Post-training quantization and adjusting sensitivity threshold

Post-training quantization (PTQ) refers to the quantization of a pre-trained model without a model training loop. To configure post-training quantization using ACE, adjust the quantization_sensitivity_threshold parameter. This parameter controls the trade-off between accuracy and degree of model compression; we recommend starting with a threshold value of 0.005. Upon completing the compression process, examine the generated logs, which will include a helpful summary table (see output logs example).

This table provides guidance for adjusting the threshold based on the desired model compression level. Be aware that greater compression often impacts model accuracy negatively. Nevertheless, the model can be subsequently fine-tuned to recover accuracy, as ClikaModule instances are designed to be compatible with torch.nn.Module.

Quantization-aware training

Quantization-aware training (QAT) integrates the quantization process into the model training loop. Doing so allows the model parameters to adapt as the model precision is reduced, potentially improving the accuracy of the quantized model. While the primary recommended entry point to quantization-based compression is through the PTQ feature set of ACE, quantization-aware training is also a supported SDK feature. As ClikaModule instances are compatible with the torch.nn.Module interface, the ClikaModule instance can be used in place of the original torch.nn.module object undergoing fine-tuning.
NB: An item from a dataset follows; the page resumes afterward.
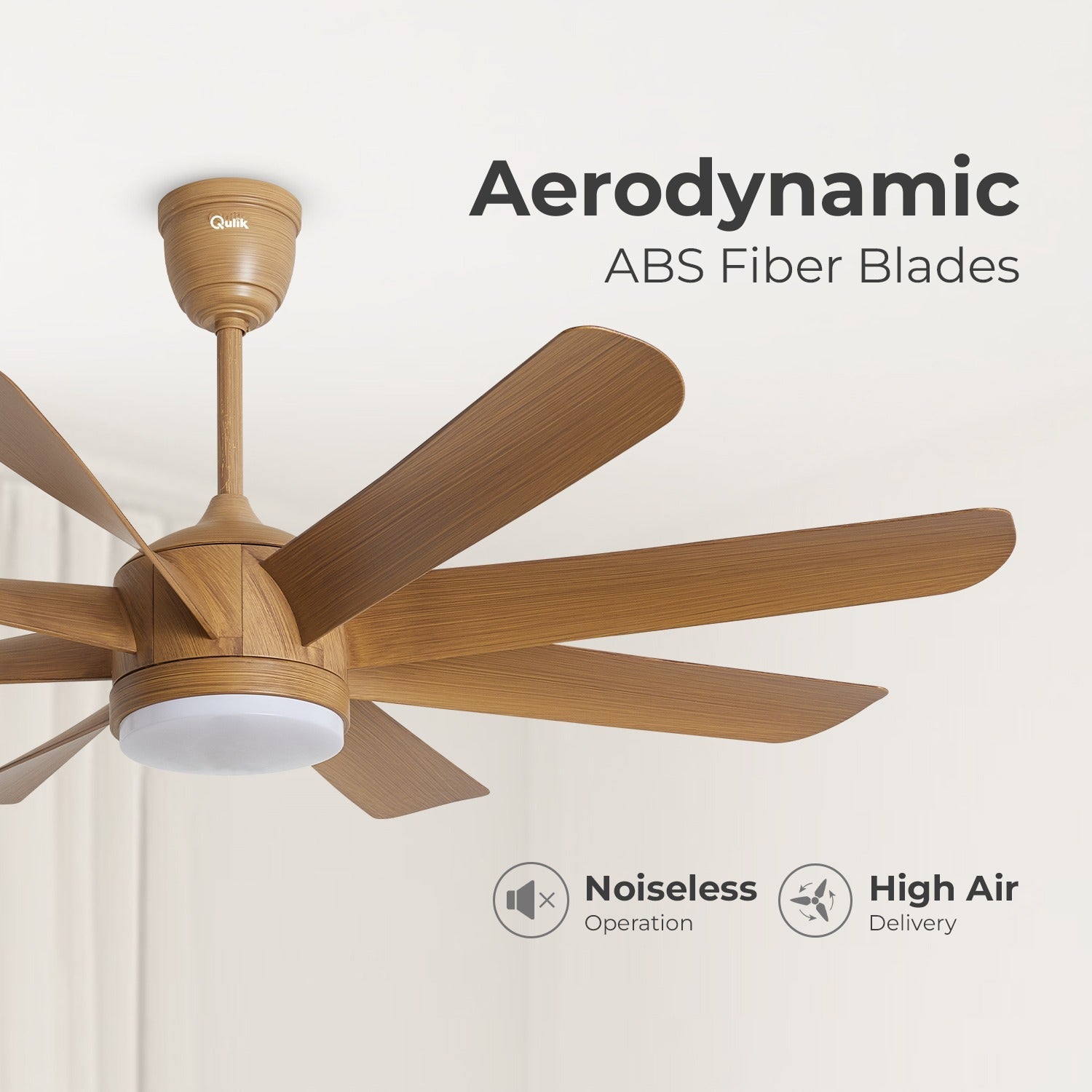 Qulik Helix UL 60"- Modern Decorative Silent ABS Blade Under light with Remote Ceiling Fan (Light Wood) Q-6522-LW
Note that QAT compression workflows are typically slower and require more computational resources than their PTQ counterparts do.

Graph visualization

After following the instructions to install the optional requirements, a visualization of the resultant graph can be created using clika_model.clika_visualize(...)

Graph visualizations include the following information about each layer:

  • Name and type
  • Input and output shapes
  • Layer attributes of the layer such as kernel size, strides etc.
  • Quantization sensitivities are printed out as a table to the log file, see output logs example.
info

Quantization sensitivity (QS) is a measurement of the difference between original and quantized outputs of each layer, and is used primarily as a metric to determine which layers should be skipped for quantization. A sensitivity value of 0.0 can be considered to numerical identical to the original layer. On the other hand, 1.0 and above indicate substantially different numerical outputs as compared to the original layer; however, the results are potentially still good depending on the model and architecture in question.